Always before, the United Church of Canada had not done this. We had the New Curriculum (radical and reviled in its time), the Whole People of God curriculum. We practiced social justice and spoke up against injustice, even when it was neither popular nor acceptable. We encouraged creativity in our theological schools, and among our clergy. We invited into our gatherings cutting-edge theologians, promoted and taught their books. We didn’t run and hide when one Moderator said ‘Jesus wasn’t divine’, and the media, loving a scandal and having no real grasp on religion anyway, jumped on the comment.

Yet, when the word ‘atheist’ was recently mentioned by one of our clergy, rather than taking advantage of an incredibly open teachable moment with a huge audience, certain leaders demanded the wagons be circled, giving credibility to the media’s rants, attacking and throwing to the wolves one of our own, culminating in what’s basically a heresy trial.

For quite some time now, very few UCC clergy have believed in the god described at the beginning. For one thing, it raises far too many questions, especially about inclusiveness and exclusiveness. Never have they had to ‘swear’ to a never-changing creed or promise petrified thoughts.

When Gretta Vosper accepted an invitation from people in rural Nova Scotia, at a small church in a small, somewhat isolated town, the question was asked “Are those people really interested in discussing theology?” What an arrogant patronizing assumption, which of course keeps power with clergy/leaders. Of course they are! And isn’t that part of the role of both congregation and minister? What they’re no longer interested in is being told what to think or believe. Discussion is the operative word.

It reminded me of an early conversation with an Roman Catholic priest as we drove together to the cemetery after a funeral. “How come your congregation wasn’t given the wine during communion?” I asked. “Oh, they’re not used to it”, was his excuse. “How on earth can they get used to it if you never do it?” I responded. You’d have thought I’d suggested standing naked before them.

Over 50 years ago, in 1963 Bishop Robinson wrote in his ground-breaking, mind-bending book Honest to God: “I believe we are being called…to far more than a restating of traditional orthodoxy in modern terms. Indeed, if our defence of the Faith is limited to this, we shall find…we have lost out to all but a tiny religious remnant.
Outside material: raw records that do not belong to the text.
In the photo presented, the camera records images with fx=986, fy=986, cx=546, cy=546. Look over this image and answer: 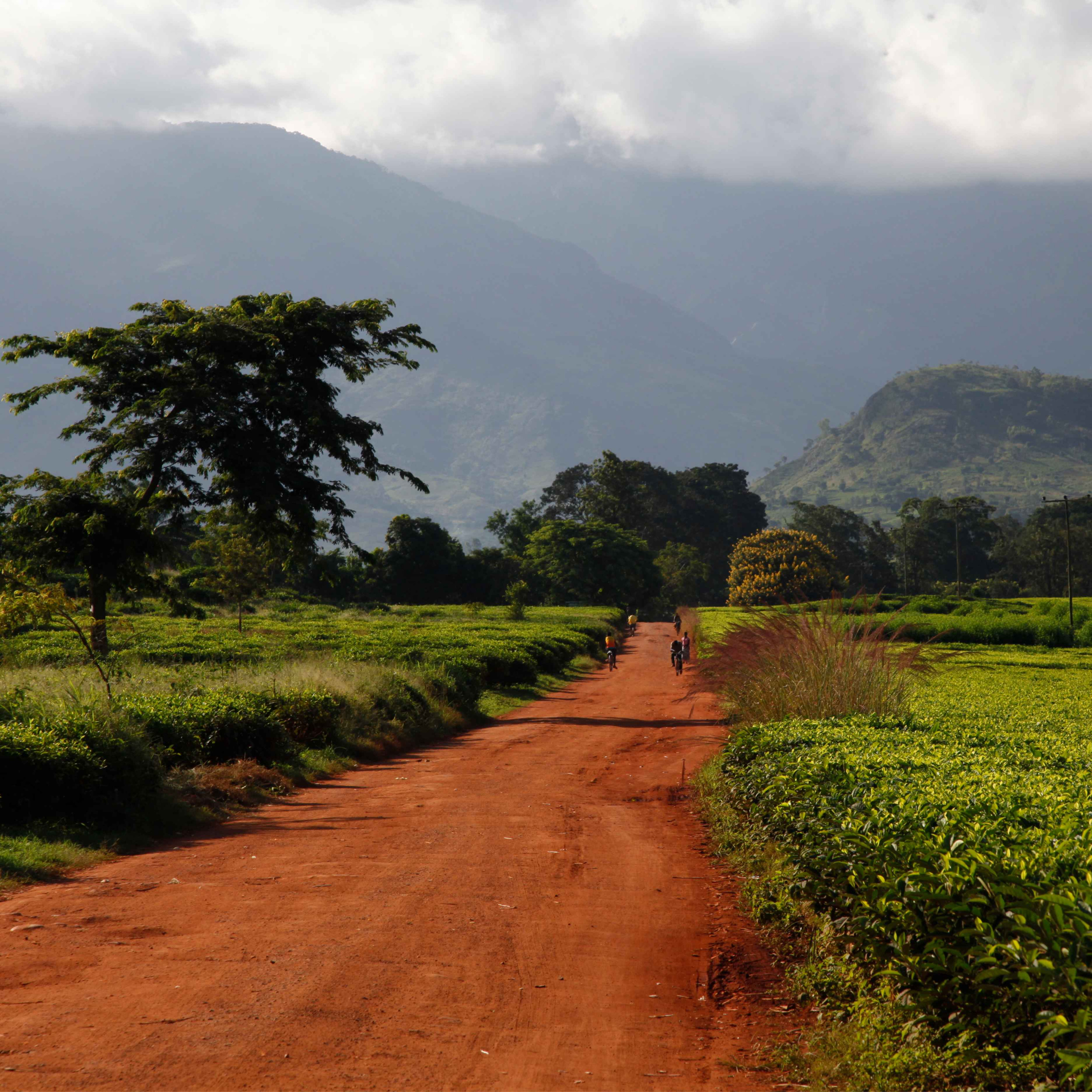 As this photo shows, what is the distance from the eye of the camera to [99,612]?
23312 mm

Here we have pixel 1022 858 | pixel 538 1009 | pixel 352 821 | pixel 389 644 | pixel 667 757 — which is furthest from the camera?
pixel 389 644

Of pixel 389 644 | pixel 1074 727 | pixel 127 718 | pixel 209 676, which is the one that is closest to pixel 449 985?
pixel 127 718

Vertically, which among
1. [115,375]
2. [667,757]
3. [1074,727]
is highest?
[115,375]

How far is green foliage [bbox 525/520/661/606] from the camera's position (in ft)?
264

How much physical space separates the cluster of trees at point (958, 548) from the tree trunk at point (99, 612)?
82.4m

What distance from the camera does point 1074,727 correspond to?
1302 centimetres

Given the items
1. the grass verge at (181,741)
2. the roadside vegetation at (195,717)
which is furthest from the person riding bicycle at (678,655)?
the grass verge at (181,741)

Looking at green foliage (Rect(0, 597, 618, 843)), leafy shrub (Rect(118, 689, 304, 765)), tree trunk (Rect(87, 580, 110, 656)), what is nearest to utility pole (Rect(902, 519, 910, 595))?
green foliage (Rect(0, 597, 618, 843))

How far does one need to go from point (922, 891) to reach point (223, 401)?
22.2 metres

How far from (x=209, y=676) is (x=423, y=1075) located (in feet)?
46.6

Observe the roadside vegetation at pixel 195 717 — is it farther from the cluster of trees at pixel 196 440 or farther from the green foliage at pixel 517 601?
the green foliage at pixel 517 601

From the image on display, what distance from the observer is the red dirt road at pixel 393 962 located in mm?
4703

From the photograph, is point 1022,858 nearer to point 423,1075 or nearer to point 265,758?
point 423,1075

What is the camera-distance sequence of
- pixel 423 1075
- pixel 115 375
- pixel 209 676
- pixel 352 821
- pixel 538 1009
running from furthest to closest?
1. pixel 115 375
2. pixel 209 676
3. pixel 352 821
4. pixel 538 1009
5. pixel 423 1075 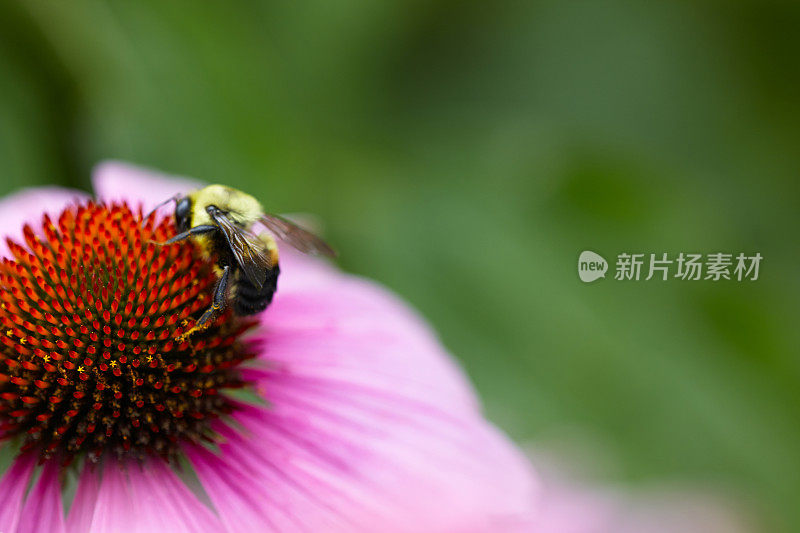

A much more radical recasting…is demanded, in the process of which the most fundamental categories of our theology…must go into the melting….I can at least understand what those mean who urge that we should do well to give up using the word “God” for a generation, so impregnated has it become with a way of thinking we may have to discard it if the Gospel is to signify anything.”

He added: “The only thing of which I am fairly sure is that, in retrospect, (my words) will be seen to have erred in not being radical enough.”

He was denounced of course, as were any other persons throughout Christian history who tried to throw open wide the box in which Christianity repeatedly became constricted, to let in some life, love and fullness – the kind Jesus taught and said he came to bring.

In religious as well as other history, when we don’t know our own history, we are condemned to repeat it. Condemned not by anyone else, not even “God”, but by ourselves and the consequences of our own willful ignorance.